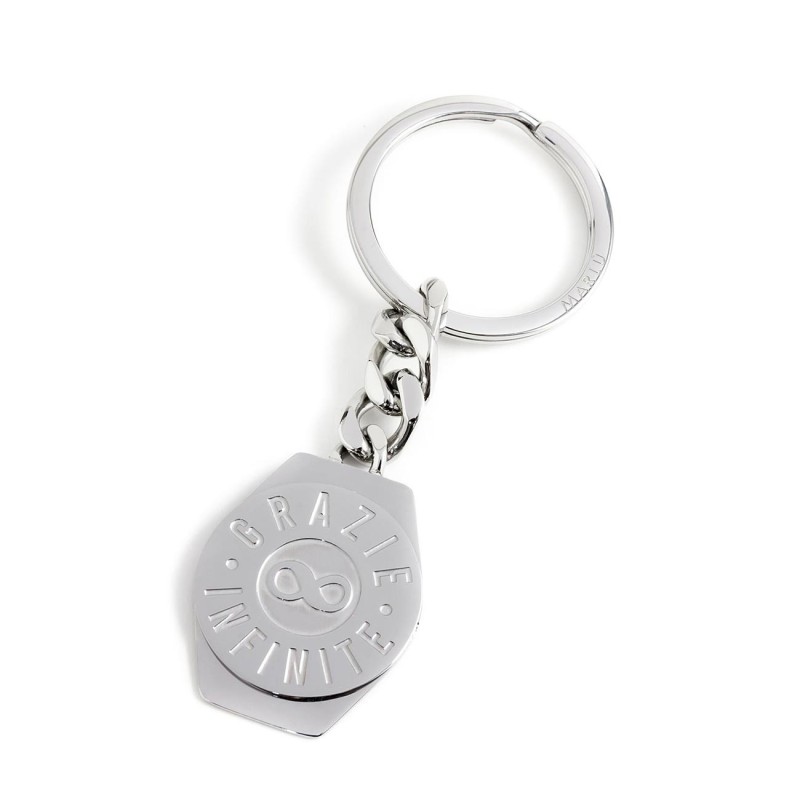 S.S. HESAGONAL KEYRING GRAZIE INFINITE S.steel keyring 30*24 mm, the pendant is hexagonal element where is weld a round medal, o S.S. HESAGONAL KEYRING GRAZIE INFINITE S.steel keyring 30*24 mm, the pendant is hexagonal element where is weld a round medal, o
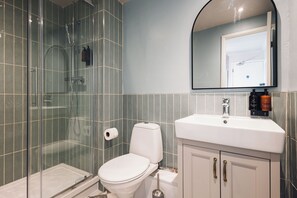 A bathroom with a glass-enclosed shower, a toilet, a sink with a mirror above it, and a roll of toilet paper on the wall.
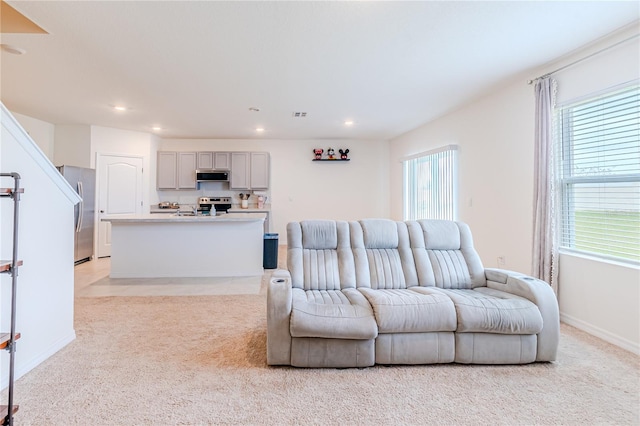 living room featuring light carpet and plenty of natural light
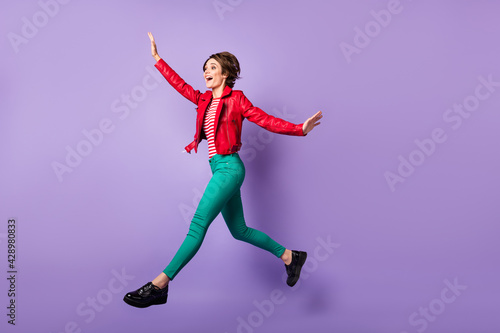 Full length profile photo of carefree person open mouth smile look empty space isolated on violet color background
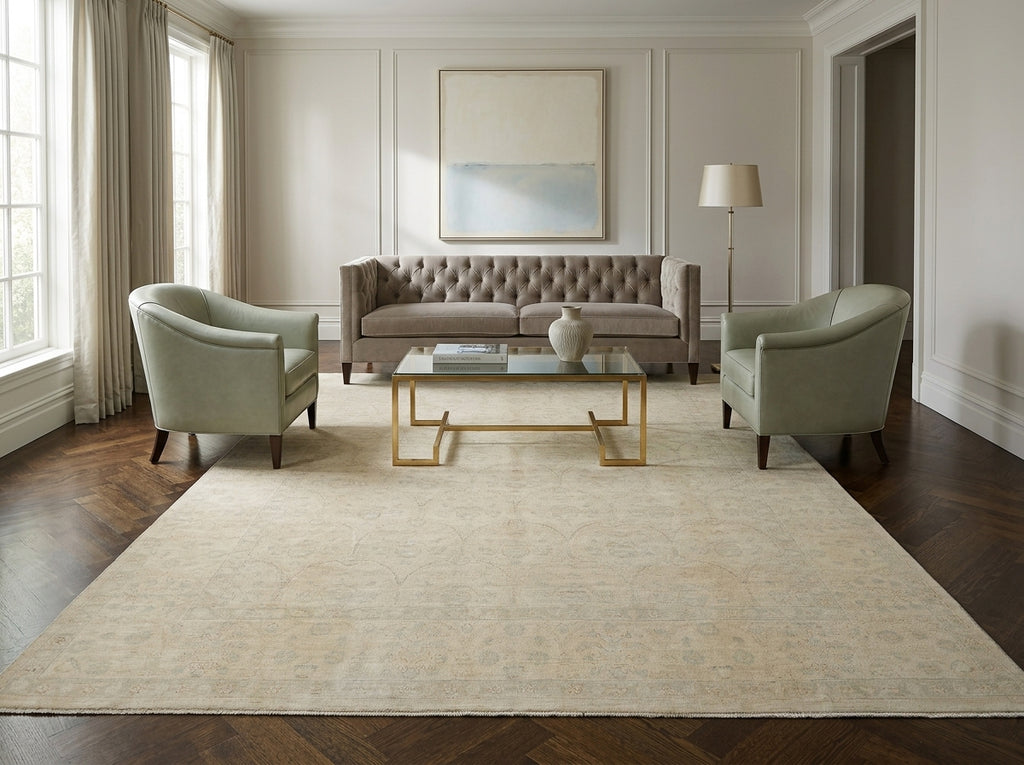 Living room with a beige rug, gray sofa, and two armchairs.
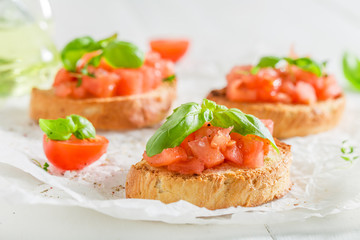 Closeup of homemade bruschetta with tomato and basil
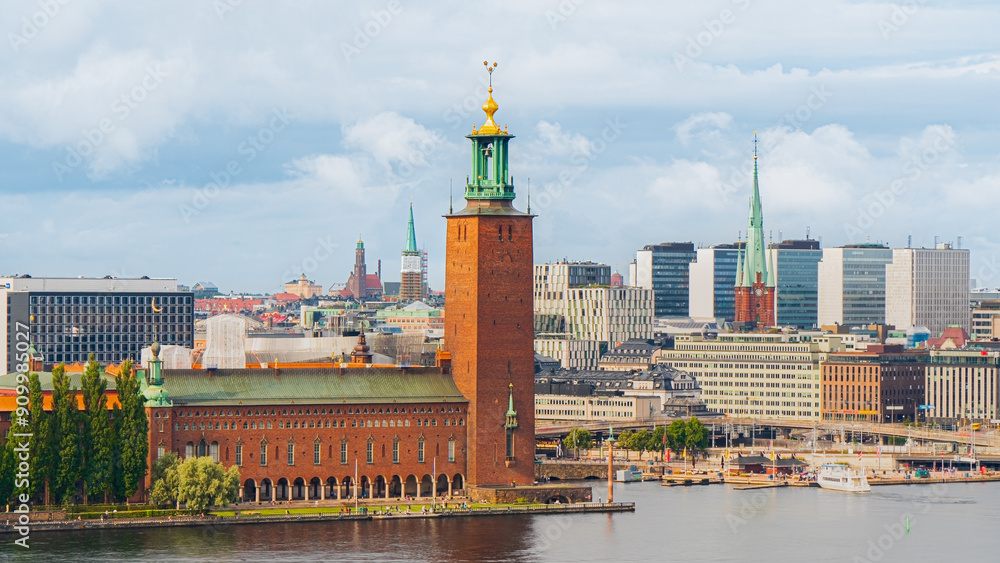 The town hall of Stockholm, Sweden, tourists and people in the park after a summer rain storm, downtown city in the background. Cloudy with the sun peaking trough The town hall of Stockholm, Sweden, tourists and people in the park after a summer rain storm, downtown city in the background. Cloudy with the sun peaking trough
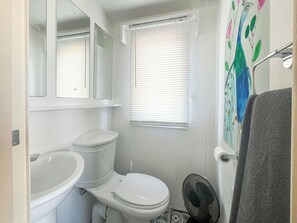 Un baño con inodoro, lavabo y zona de ducha.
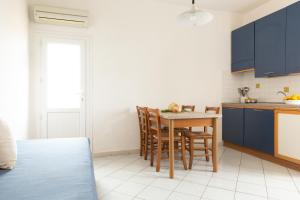 a kitchen with blue cabinets and a table and chairs at Sea View Home -Bilocale Angolo Cottura Vista Mare 4 pax in Albinia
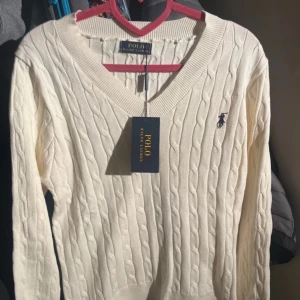 Vit kabelstickad tröja från Polo Ralph Lauren  - Säljer en stilren vit kabelstickad tröja från Polo Ralph Lauren. Tröjan har en v-ringad hals och det klassiska Polo-logotypen broderad på bröstet. 
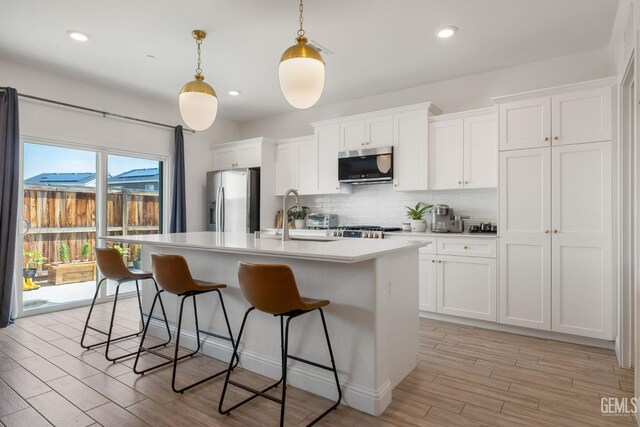 kitchen featuring stainless steel appliances, a sink, a kitchen island with sink, decorative backsplash, and a breakfast bar area
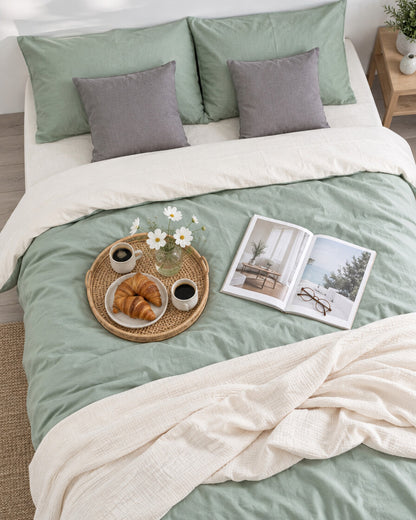 Sage green and cream two-tone plain cotton bedding seen from above with a breakfast tray of coffee and croissants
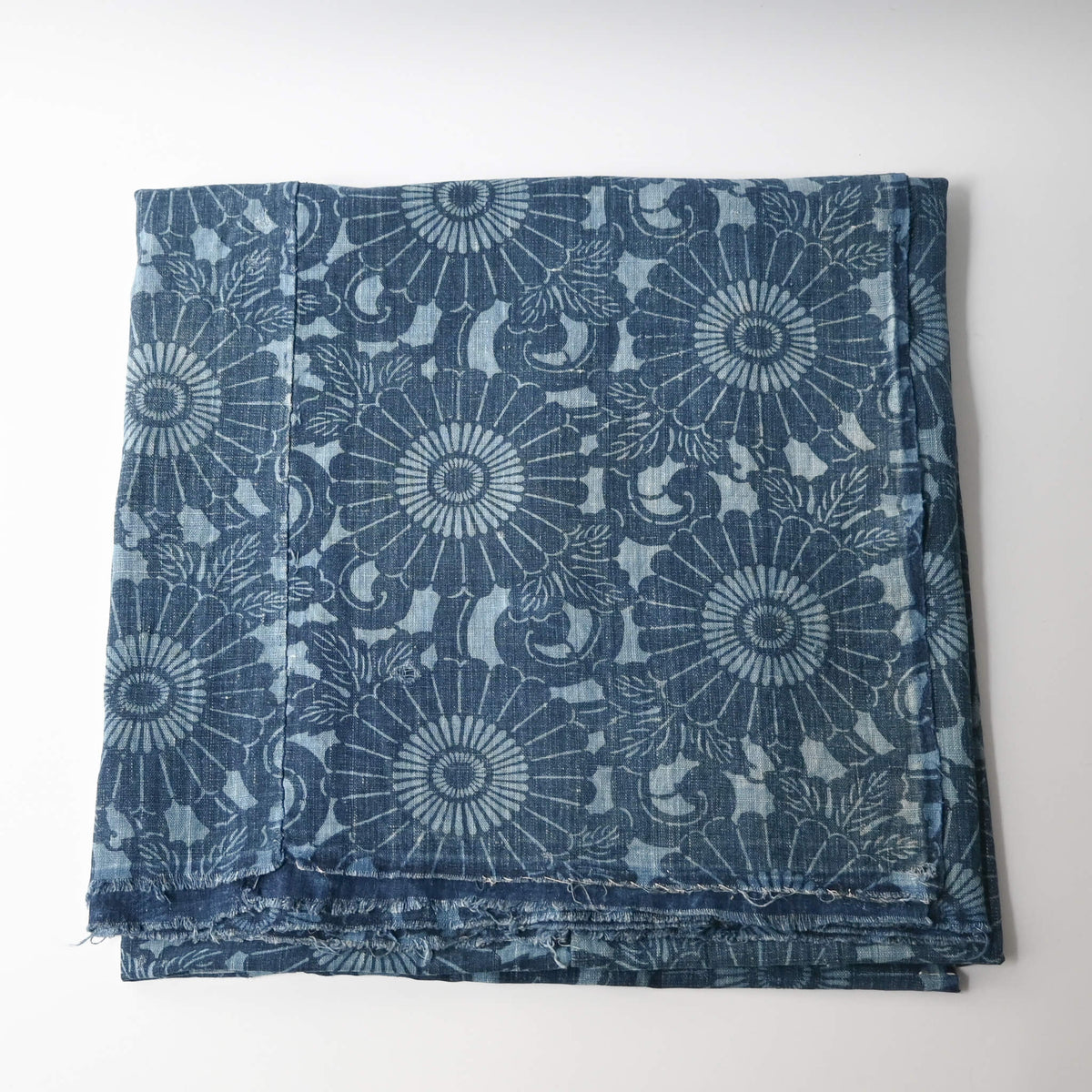 Vintage four-panel indigo katazome dyed cotton futon cover with chrysanthemum arabesque motif.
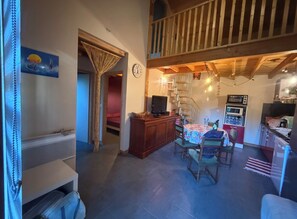 A cozy living room with a dining area, wooden beams, a staircase, and a kitchen with appliances. - Maison en ossature bois à Vensac Océan (Vensac)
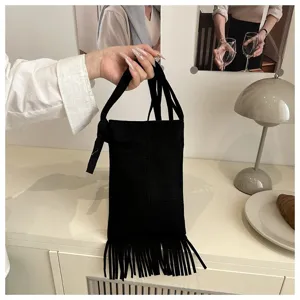 Detalle de bolso cruzado para teléfono con flecos negros estilo bohemio vintage con borlas.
══════════════════════════════
Working down from the line with "kitchen featuring stainless", copy each line exactly until the last line of the entries, which is also included. Omit the pictures.

 kitchen featuring stainless steel appliances, a sink, a kitchen island with sink, decorative backsplash, and a breakfast bar area
 Sage green and cream two-tone plain cotton bedding seen from above with a breakfast tray of coffee and croissants
 Vintage four-panel indigo katazome dyed cotton futon cover with chrysanthemum arabesque motif.
 A cozy living room with a dining area, wooden beams, a staircase, and a kitchen with appliances. - Maison en ossature bois à Vensac Océan (Vensac)
 Detalle de bolso cruzado para teléfono con flecos negros estilo bohemio vintage con borlas.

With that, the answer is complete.